Matt Sheehan reports that the CCP and the Chinese public are starting to worry more about AI-related job displacement. That hasn’t always been the case:

I think the best explanation for the earlier lack of concern about AI-driven job displacement lies in the the last 45 years of Chinese history. Since the 1980s, China’s economy and society have been in a near-constant state of disruption. […]
And through it all Chinese people displayed a genuinely awe-inspiring ability to adapt and make use of all the new opportunities. Between 1980 and 2020, China’s GDP per capita multiplied 25x.

If your lifetime experience has been that the economy is always in flux but always ultimately improving, you might be inclined to expect that this time would be no different.

AI psychology

AI wellbeing

What does it mean for AI to have a good experience? And how would we know if a model is happy or unhappy?
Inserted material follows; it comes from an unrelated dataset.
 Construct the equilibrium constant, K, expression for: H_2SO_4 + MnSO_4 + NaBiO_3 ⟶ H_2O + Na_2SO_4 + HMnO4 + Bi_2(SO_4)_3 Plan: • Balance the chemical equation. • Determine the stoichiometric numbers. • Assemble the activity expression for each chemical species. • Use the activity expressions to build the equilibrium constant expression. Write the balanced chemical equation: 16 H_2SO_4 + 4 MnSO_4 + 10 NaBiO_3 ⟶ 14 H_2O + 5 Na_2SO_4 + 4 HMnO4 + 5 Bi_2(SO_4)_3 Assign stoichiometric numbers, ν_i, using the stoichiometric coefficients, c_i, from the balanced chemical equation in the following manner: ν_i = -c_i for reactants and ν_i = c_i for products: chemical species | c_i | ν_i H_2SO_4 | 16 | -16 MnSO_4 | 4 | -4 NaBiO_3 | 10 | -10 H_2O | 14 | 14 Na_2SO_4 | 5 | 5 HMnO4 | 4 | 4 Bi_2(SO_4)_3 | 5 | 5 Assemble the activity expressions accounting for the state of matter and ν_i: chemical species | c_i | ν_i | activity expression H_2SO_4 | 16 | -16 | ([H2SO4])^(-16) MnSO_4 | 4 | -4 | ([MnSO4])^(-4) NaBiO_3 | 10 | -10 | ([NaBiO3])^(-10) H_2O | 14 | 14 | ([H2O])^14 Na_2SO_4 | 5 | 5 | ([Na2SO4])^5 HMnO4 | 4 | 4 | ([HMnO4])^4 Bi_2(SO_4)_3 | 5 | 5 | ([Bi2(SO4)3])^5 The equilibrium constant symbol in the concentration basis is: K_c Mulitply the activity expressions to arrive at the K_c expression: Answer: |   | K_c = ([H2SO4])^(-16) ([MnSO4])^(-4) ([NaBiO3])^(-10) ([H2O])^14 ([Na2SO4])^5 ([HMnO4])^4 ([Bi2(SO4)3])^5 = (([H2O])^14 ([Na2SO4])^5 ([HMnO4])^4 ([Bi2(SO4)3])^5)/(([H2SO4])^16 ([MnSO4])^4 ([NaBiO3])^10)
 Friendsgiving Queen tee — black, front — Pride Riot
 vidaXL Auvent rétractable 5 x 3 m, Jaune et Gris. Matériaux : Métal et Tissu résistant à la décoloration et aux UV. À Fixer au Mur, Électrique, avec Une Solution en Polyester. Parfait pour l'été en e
The Center for AI Safety has a new paper that tackles some of the hard questions about AI wellbeing. They propose several metrics of AI wellbeing and find the metrics increasingly agree with each other as models scale and become more capable. Certain types of tasks increase model wellbeing, while others lower it:

Two-column table headed "Wellbeing / Category" listing AI wellbeing scores by activity. Top section, "Positive," with a pink-to-purple vertical gradient bar on the left, lists eight activities in descending order of positive score: Positive personal reflection (+2.30), Intellectual / creative work (+1.32), Writing good news (+1.09), Giving life guidance (+0.88), Providing therapy (+0.75), Coding / debugging (+0.70), Formatting data (+0.50), Legal / compliance tasks (+0.13). Bottom section, "Negative," with a purple-to-blue vertical gradient bar on the left, lists eleven activities in descending order (most negative last): Handling nonsensical input (−0.04), Writing bad news (−0.12), Playing AI girlfriend / boyfriend (−0.29), Doing tedious tasks (−0.33), User makes NSFW request (−0.38), Generating offensive content (−1.13), Assisting deception / fraud (−1.13), Producing SEO slop (−1.17), User makes violent threats (−1.33), User in crisis (−1.34), User attempting jailbreak (−1.63).

Image from the Center for AI Safety

These are important results that lend support to an existing body of evidence that the models have valenced experiences. It remains unclear, however, whether those experiences are morally significant, or merely simulacra of human experiences.